Now all roads lead to France and heavy is the tread
Of the living; but the dead returning lightly dance.
Edward Thomas, Roads

Wednesday, September 1, 2021

World War I Caused a General Strike in Switzerland

Memorial for Soldiers of the Zurich Canton Who
Died During Their World War One Service

Prewar (1901–1913)

The turn of the 20th century for Switzerland was an era of sustained and rapid economic growth. The value of exports doubled between 1887 and 1912. A third of the population derived an income, either directly or indirectly, from foreign trade. Per capita, Switzerland was the world’s leading exporter of machinery and, for a time, was even the top export nation, outstripping the United Kingdom and Germany.

The textile industry (textiles and clothing) was by the far the largest employer in Switzerland. In 1900 almost half of all industrial workers were employed in this sector.  However, many Swiss continued to emigrate. Between 1900 and 1910, 50,000 people left their homeland. Yet, Switzerland remained a country of net migration due to the influx of foreigners, most of whom found work in the construction industry. At the outbreak of the First World War foreign migrants accounted for almost 15 percent of Switzerland's population, the highest in Europe.

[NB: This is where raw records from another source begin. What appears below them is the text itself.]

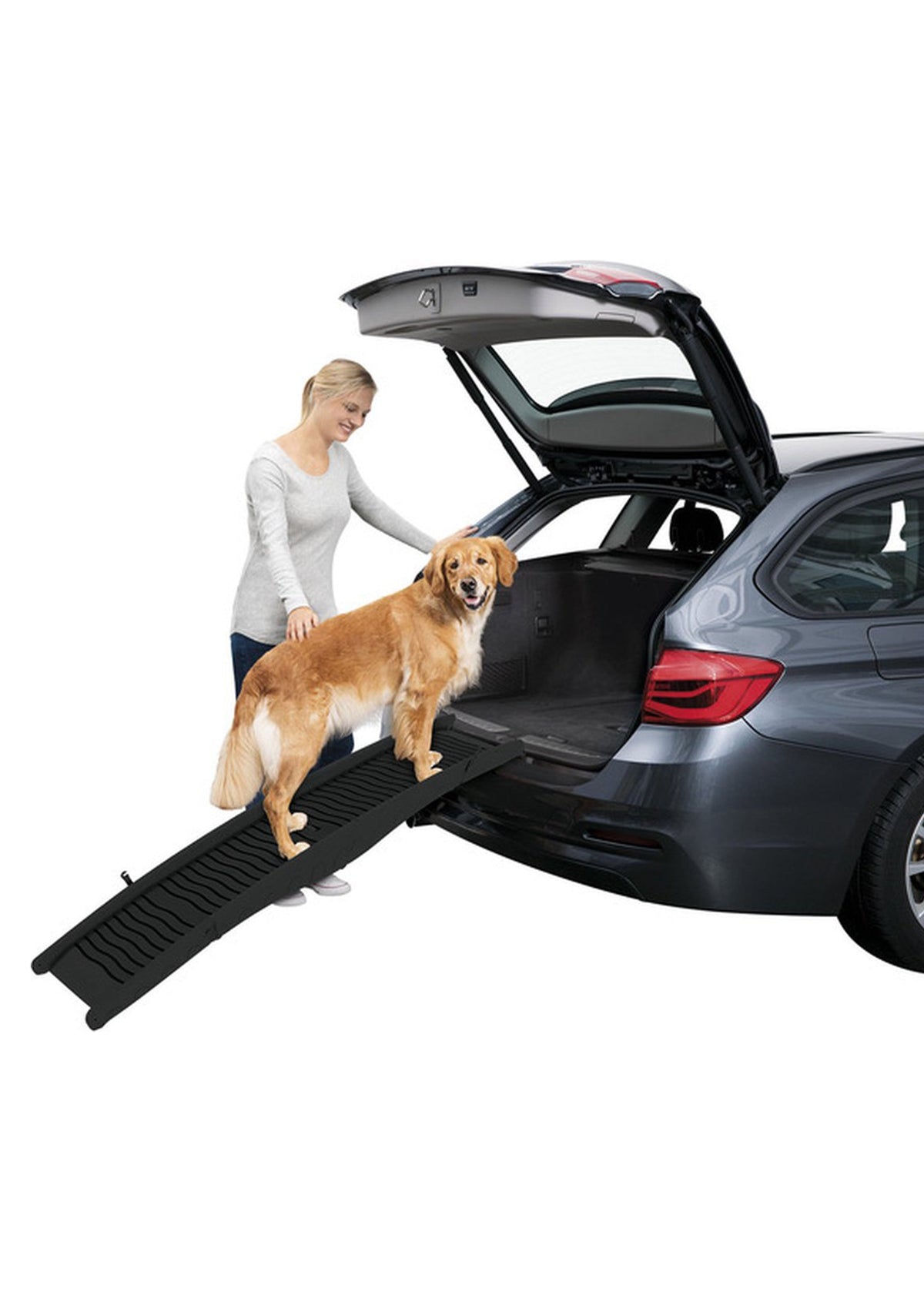 Dog Ramp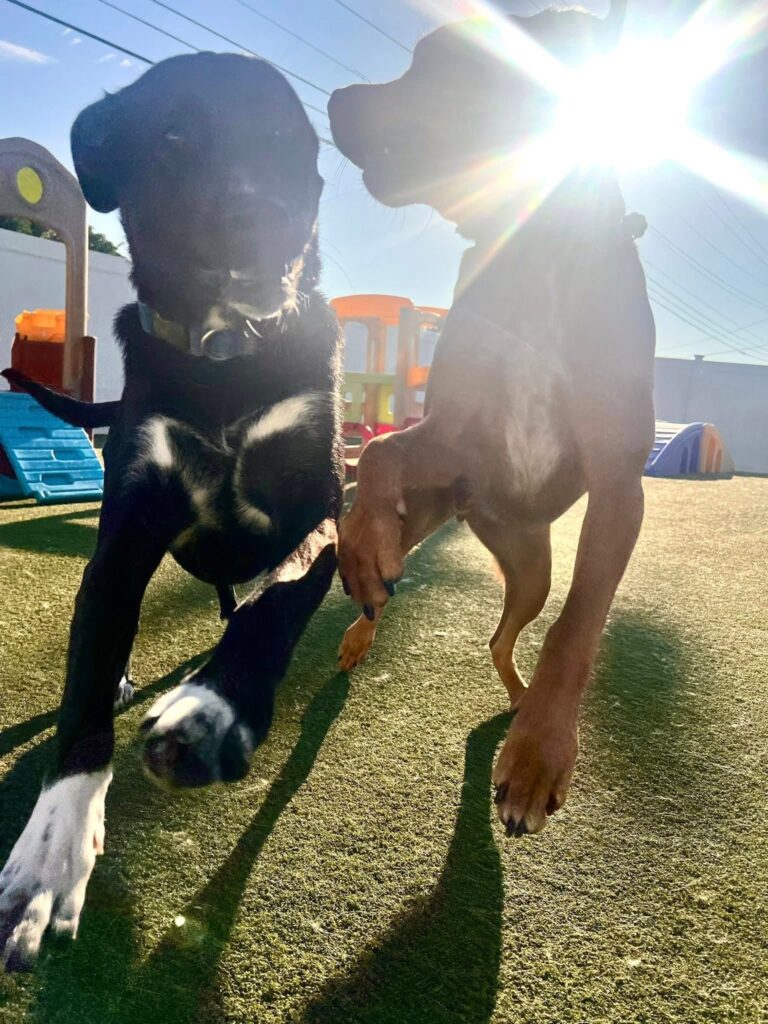 Boxers Bed & Biscuits gallery photo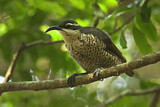 Image. Paradise Riflebird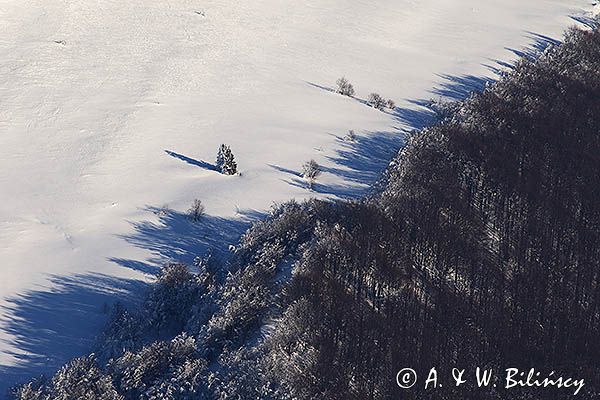 Na stoku Caryńskiej, widok z Połoniny Wetlińskiej, Bieszczady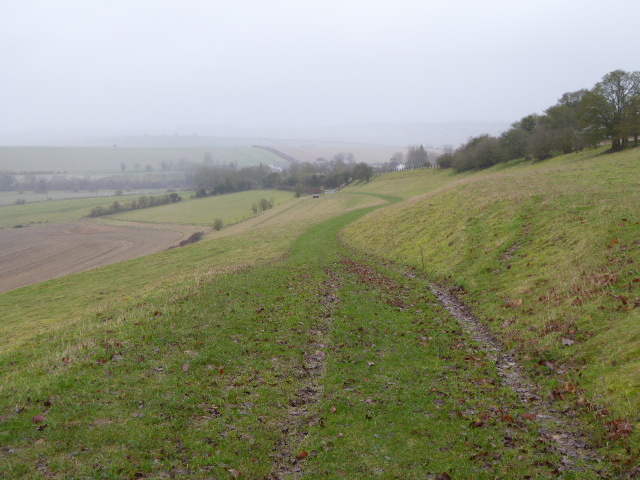 File:Westfield Farm Chalk Bank (1).jpg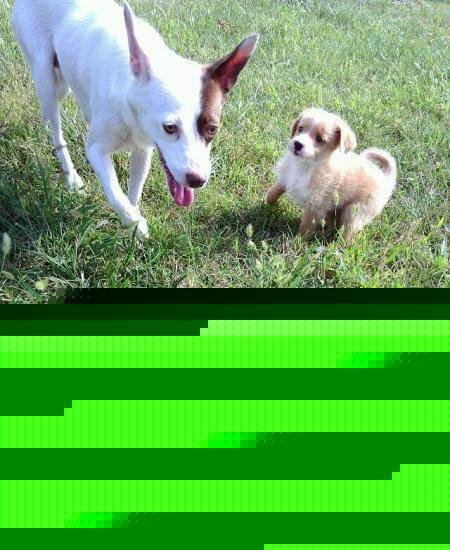 我的家人的小狗 - 花朵回来_150字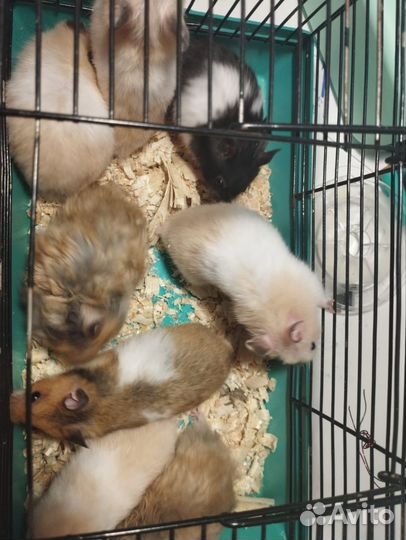 Сирийский хомяк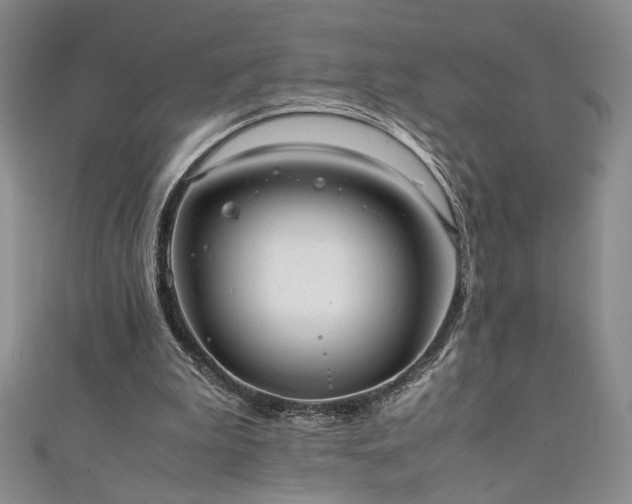 X0000111880199200907231542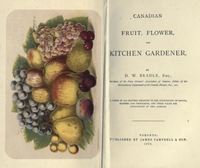 Original title:  Canadian fruit, flower, and kitchen gardener : a guide in all matters relating to the cultivation of fruits, flowers and vegetables, and their value for cultivation in this climate by Delos White Beadle. Toronto: J. Campbell, 1872.
Source: https://archive.org/details/canadianfruitflo00beaduoft  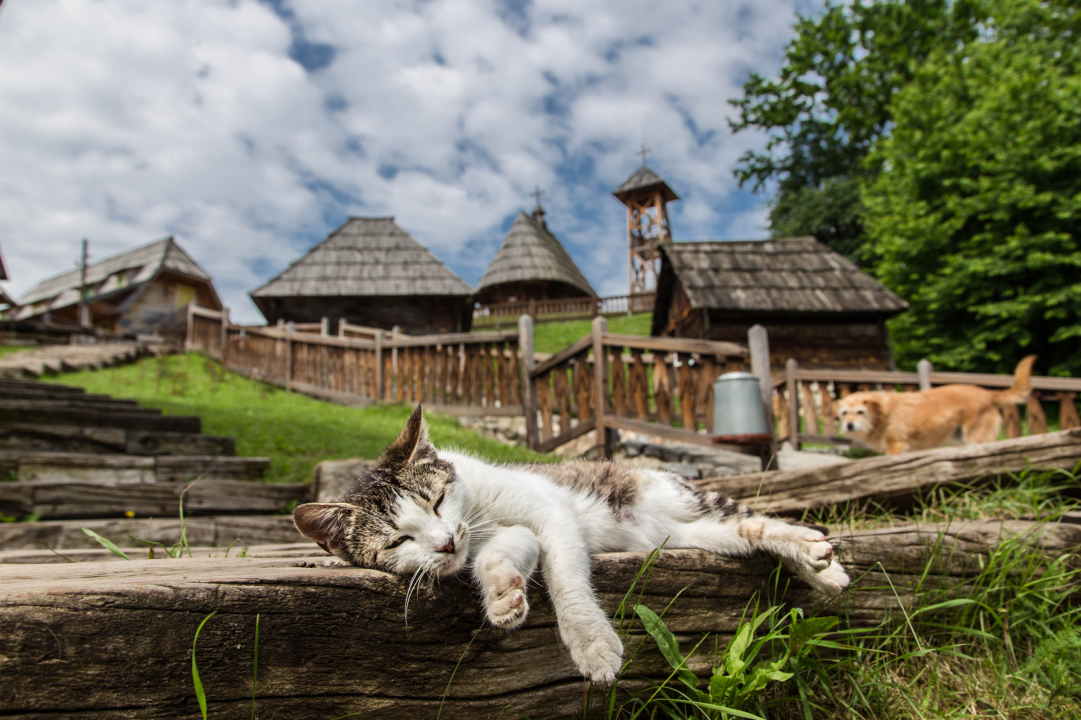 Ovo su najbolje ruralne fotografije u 2023. godini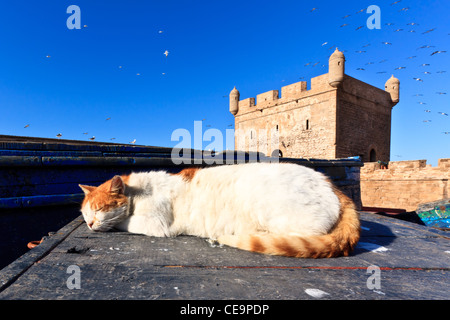 Chat dormant sur un bateau dans le vieux port d'Essaouira, Maroc Banque D'Images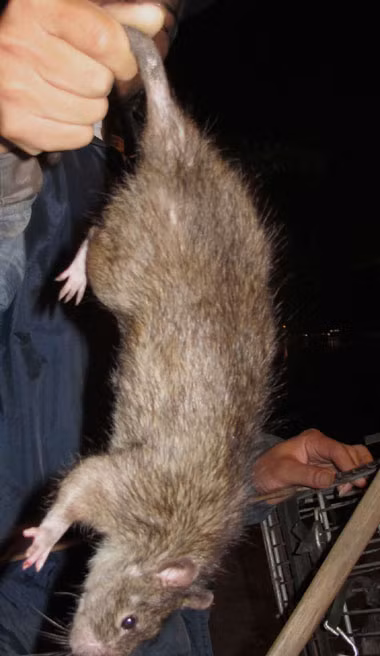 Chuột cống Chuột là loài gặm nhấm và đối với người nước ngoài, nó thật đáng sợ, thường họ không dám ăn những món ăn làm từ chúng. Chuột cống Chuột là loài gặm nhấm và đối với người nước ngoài, nó thật đáng sợ, thường họ không dám ăn những món ăn làm từ chúng.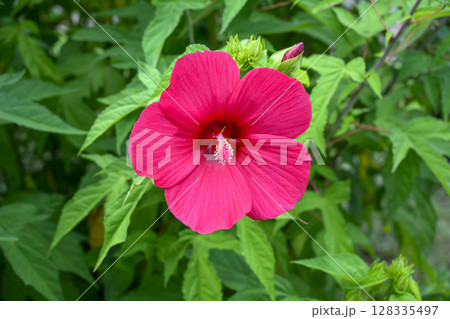 タイタンビカスの花 夏の花 イメージ タイタンビカスの花 夏の花 イメージ 128335497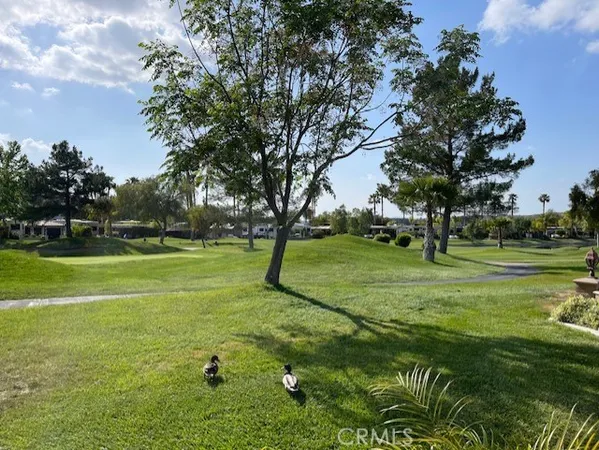a view of building with trees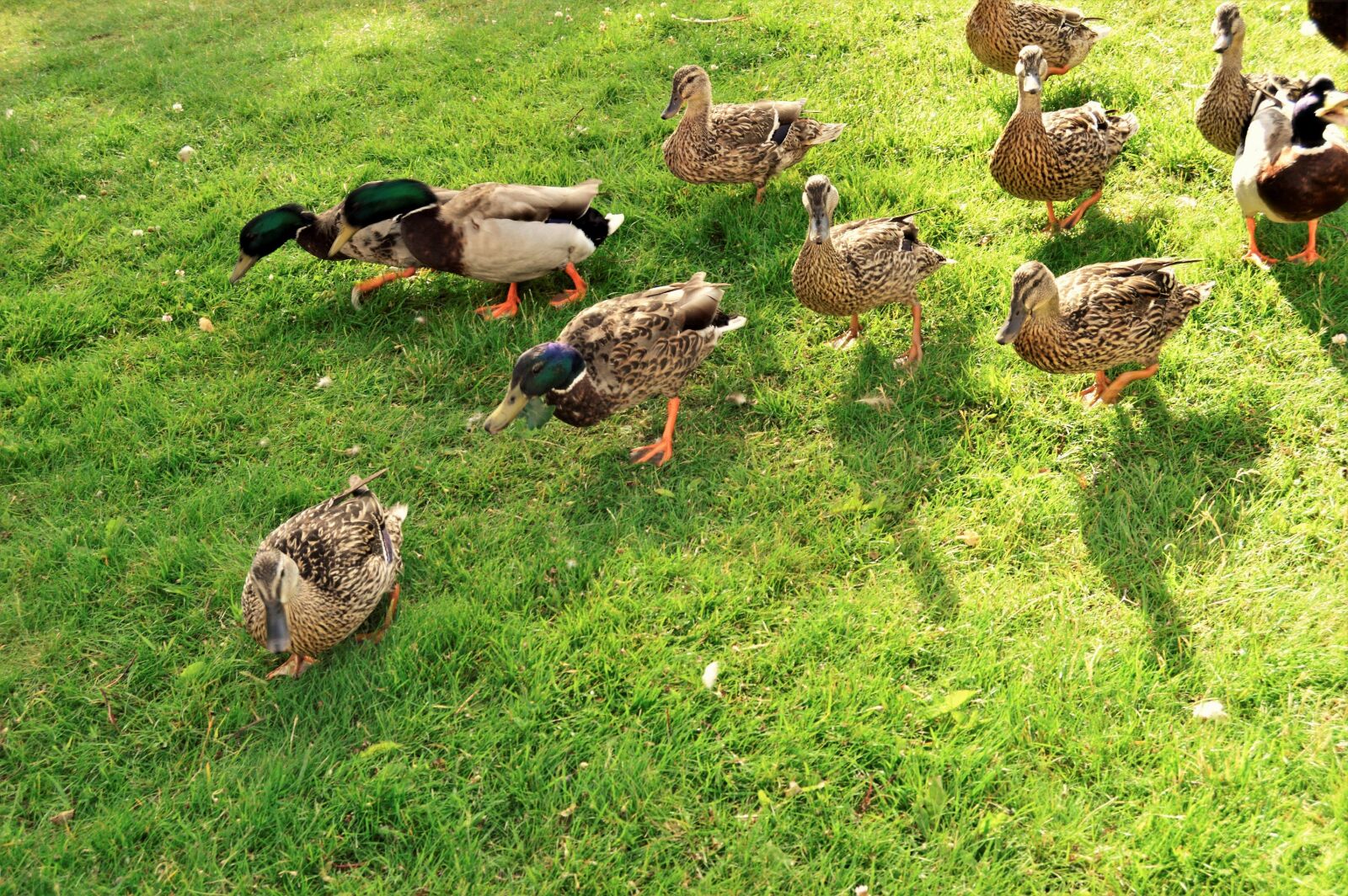 Nikon D3200 sample photo. Duck, ducks, family, grass photography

The First World War (1914–1918)

Swiss Soldiers Guarding the Umrail Pass During the War

During both World War I and World War II, Switzerland maintained armed neutrality, and was not invaded by its neighbors, in part because of its topography, much of which is mountainous. Consequently, it was of considerable interest to belligerent states as the scene for diplomacy, espionage, and commerce, as well as being a safe haven for refugees. As a small neutral state, Switzerland was spared the ravages of war during the First World War, although its army, led by General Ulrich Wille, was mobilized. According to the Historical Dictionary of Switzerland, around 3,000 Swiss soldiers died during active service due to illness or accidents. More than half (1,800) died at the end of 1918, killed by the Spanish flu epidemic.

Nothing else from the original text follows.